Ray Donovan, gestor de catástrofes; por Jorge Carrión 640

Tony Soprano es –supuestamente– gestor de residuos y se pasa la serie apagando incendios. Ray Donovan, también vinculado con la actividad criminal, es más bien un gestor de catástrofes. Esa figura se ha impuesto, fundamental, en la serialidad última: el abogado en la frontera Saul Goodman de Breaking Bad, el jefe de campaña y de personal Eli Gold de The Good Wife o la experta en situaciones complicadas Olivia Pope de Scandal son algunas de sus variantes. Derecho, política y comunicación. Los clientes de Donovan son de lo más variopintos, pero tienen en común la condición de millonarios, que les permite costearse los servicios de alguien que puede sacarles de cualquier embrollo. Una prostituta malherida en una noche de excesos, un acosador sexual, la millonaria que no quiere realizar el cuantioso donativo que prometió: no hay caso que no pueda solucionar mediante seguimiento, extorsión, amenaza, fotos comprometedoras, una paliza. El fixer llevado al extremo.

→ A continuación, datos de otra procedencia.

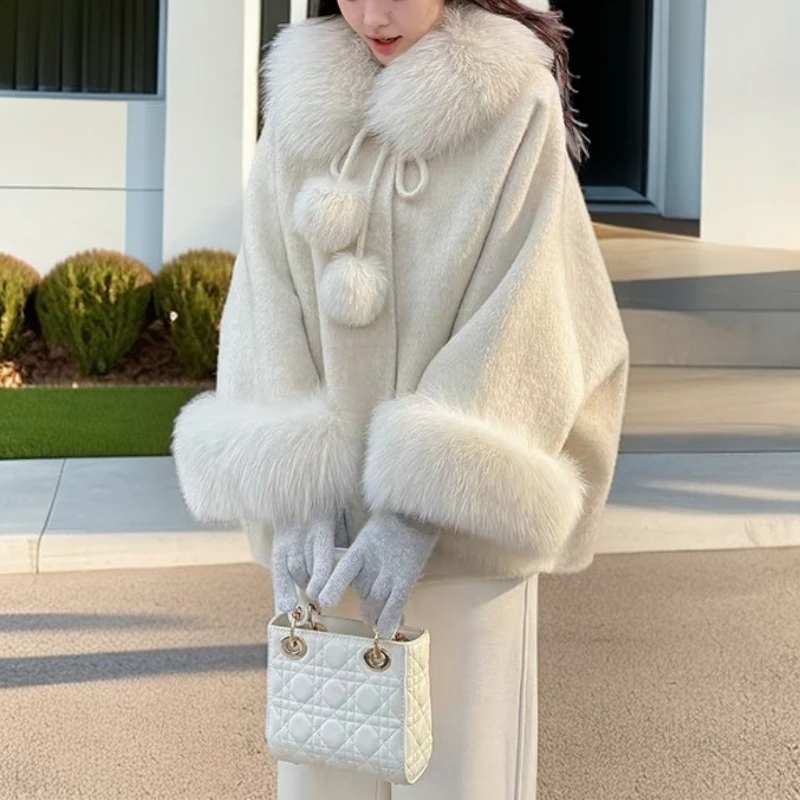 秋冬毛领袖口毛毛球双面呢手工毛呢千金风女大衣外套女秋冬高级感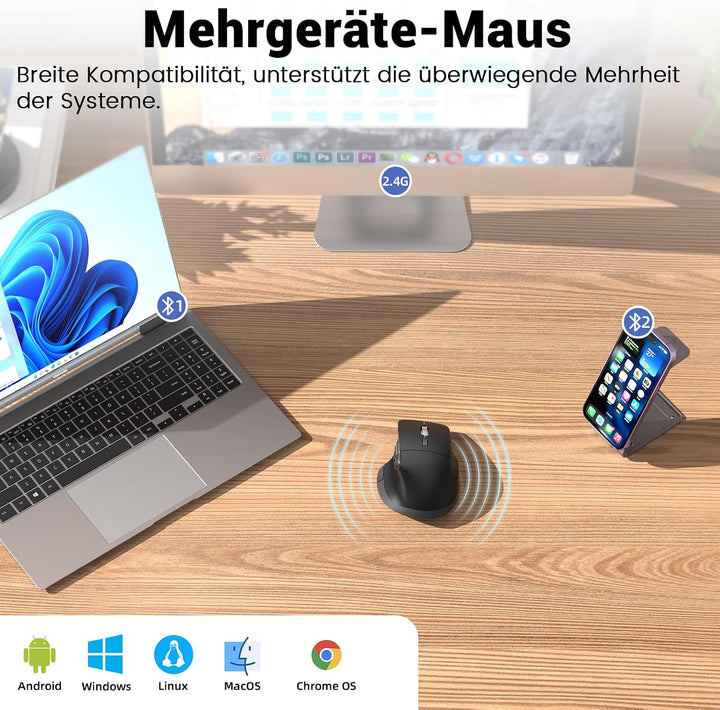 INFINMIND L551 Pro+ Kabellose Maus, programmierbare Bluetooth-Maus, geräuschlose Mehrgeräte-Design m
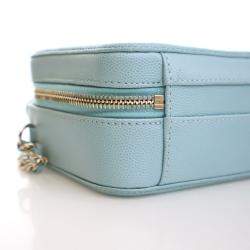 Pre Owned Chanel Small Blue Caviar Filigree Vanity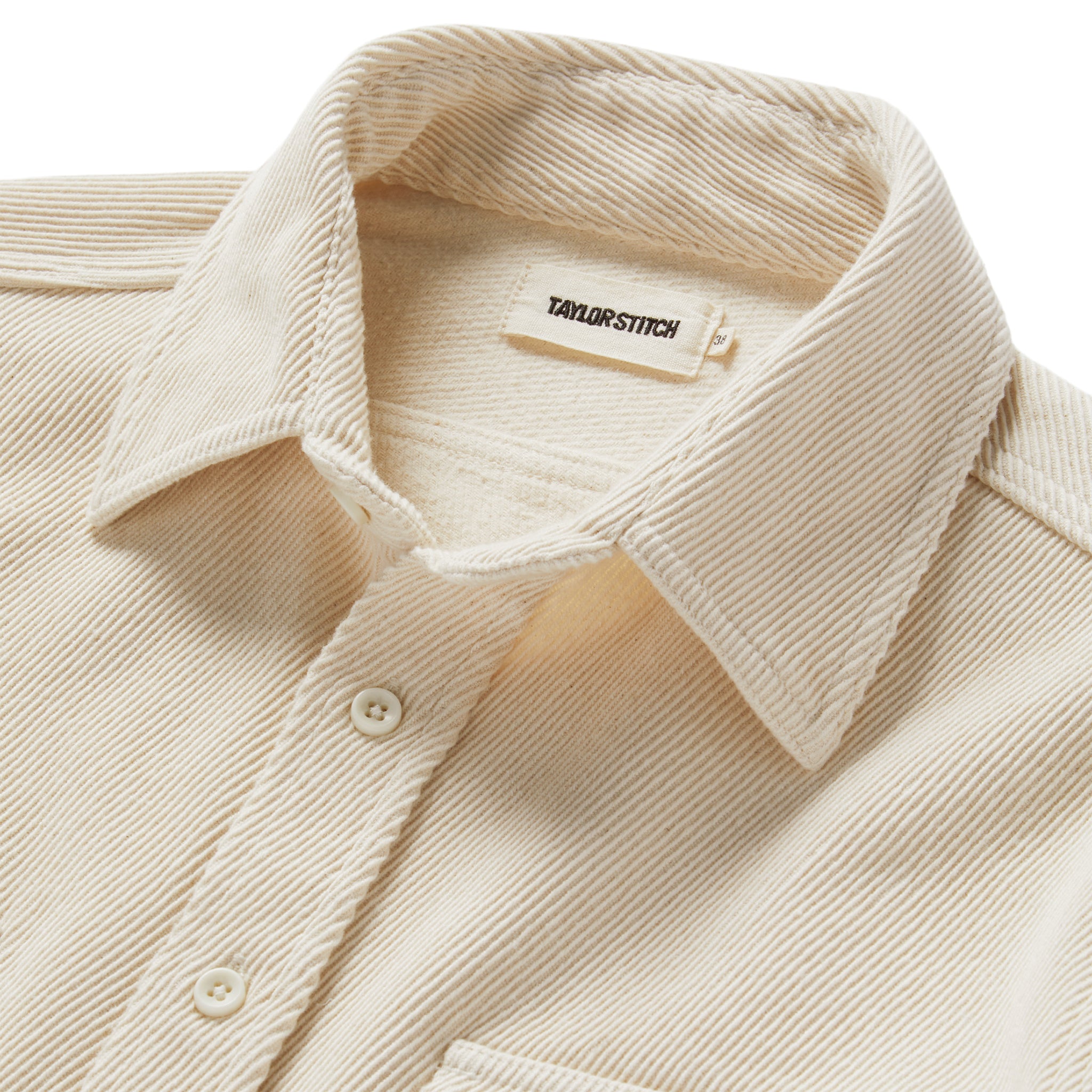 material shot of the collar on The Ledge Shirt in Natural Twill, Wovens by Taylor Stitch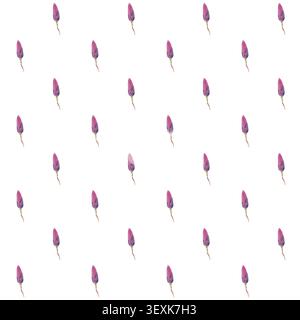 Nahtloses Muster mit Magnolienknospen in Aquarellfarben, die in zarten Wiederholungen angeordnet sind. Botanisches Blumendesign, perfekt für Stoff, Tapeten und Steppwatte Stockfoto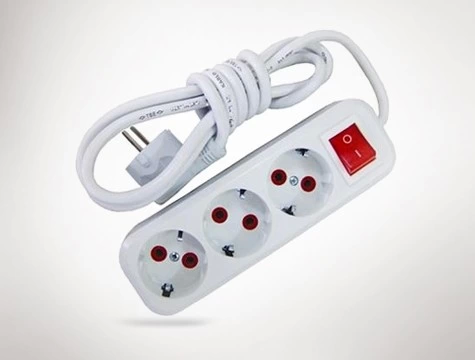 2 Metre Kablolu Anahtarlı 3 Lü Topraklı Grup Priz ( Lisinya )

Teniendo en cuenta que el protagonista es un tipo muy duro, se esperaría que Ray Donovan fuera una serie de acción. Pero casi no hay tiroteos ni persecuciones. La segunda temporada comienza con un viaje del protagonista a México, donde se enzarza en una pelea de bar armado con un bate de béisbol. Una pelea que no vemos, porque está en elipsis. La tensión, en cambio, recorre los capítulos como vapor que brota del asfalto. Aunque sea un personaje de pocas palabras, sus conversaciones son de alto voltaje. Y, como ocurre en Los Soprano o en Breaking Bad, las más terribles casi siempre tienen que ver con la familia.

“Walk this way”, el mejor capítulo hasta la fecha, escenifica en sus minutos finales una fiesta de cumpleaños a la que han sido invitados todos los miembros de la familia Donovan. Los hermanos del club de boxeo (el alcohólico traumatizado por abusos sexuales y el trozo de pan lesionado en un combate), los hijos adolescentes (en una de las pocas tramas con interés de todas las que involucran a esa franja de edad en las series), la esposa frustrada (digna heredera de Carmela Soprano y Skyler White) y, sobre todo, estelar, Mickey Donovan, el padre bala perdida, manipulador, criminal, repulsivo y extrañamente entrañable (con su exmujer afroamericana y el hijo que tuvo con ella, también boxeador, también con el alma herida). A partir de ese episodio, la segunda temporada, un tanto endeble en su primer tramo, se revela tan interesante y vibrante como la primera, gracias no sólo a esas explosiones emocionales, sino también a los ascensores sociales, a los escaleras mecánicas que interconectan constantemente la pobreza y la riqueza, que comparten una monocorde y abarcadora miseria moral.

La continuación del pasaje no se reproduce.